Repeat the records word for word, excluding any picture.

*Input for this task*
▶
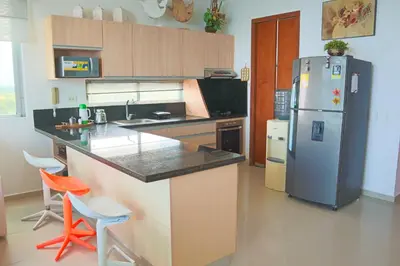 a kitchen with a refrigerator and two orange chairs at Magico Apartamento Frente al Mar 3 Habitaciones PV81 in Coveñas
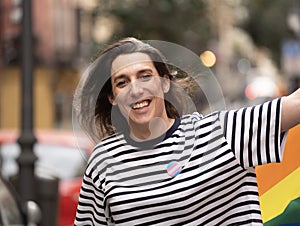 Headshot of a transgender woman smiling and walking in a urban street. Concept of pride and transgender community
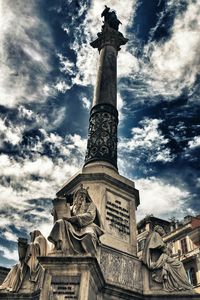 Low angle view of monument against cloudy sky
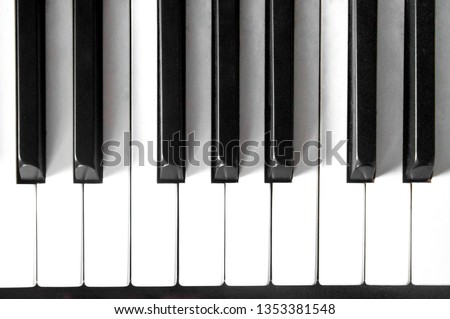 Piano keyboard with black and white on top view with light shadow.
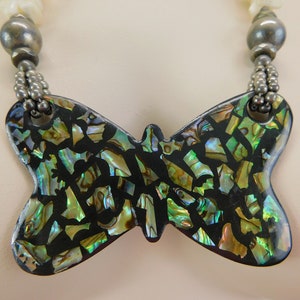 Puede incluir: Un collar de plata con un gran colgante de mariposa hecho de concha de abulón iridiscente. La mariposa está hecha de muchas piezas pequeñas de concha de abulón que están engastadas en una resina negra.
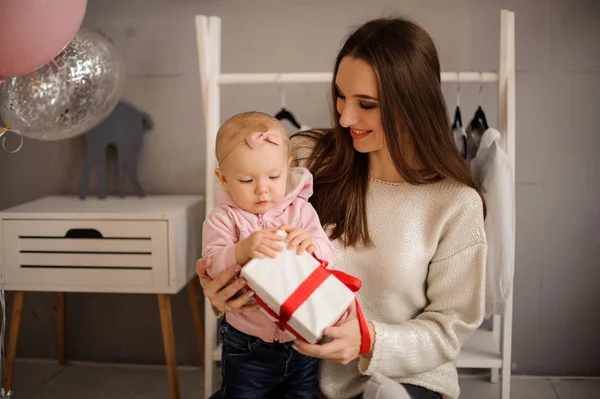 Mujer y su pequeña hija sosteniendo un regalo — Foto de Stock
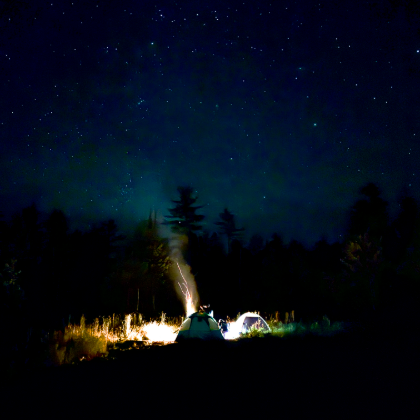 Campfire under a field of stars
◀
*Task response*
 a kitchen with a refrigerator and two orange chairs at Magico Apartamento Frente al Mar 3 Habitaciones PV81 in Coveñas
 Headshot of a transgender woman smiling and walking in a urban street. Concept of pride and transgender community
 Low angle view of monument against cloudy sky
 Piano keyboard with black and white on top view with light shadow.
 Puede incluir: Un collar de plata con un gran colgante de mariposa hecho de concha de abulón iridiscente. La mariposa está hecha de muchas piezas pequeñas de concha de abulón que están engastadas en una resina negra.
 Mujer y su pequeña hija sosteniendo un regalo — Foto de Stock
 Campfire under a field of stars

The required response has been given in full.